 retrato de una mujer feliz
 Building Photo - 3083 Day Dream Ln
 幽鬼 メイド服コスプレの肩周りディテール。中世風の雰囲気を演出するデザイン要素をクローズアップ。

___

What to do |
Give the material again in full, exactly as it appears above.

Exercise solution |
 retrato de una mujer feliz
 Building Photo - 3083 Day Dream Ln
 幽鬼 メイド服コスプレの肩周りディテール。中世風の雰囲気を演出するデザイン要素をクローズアップ。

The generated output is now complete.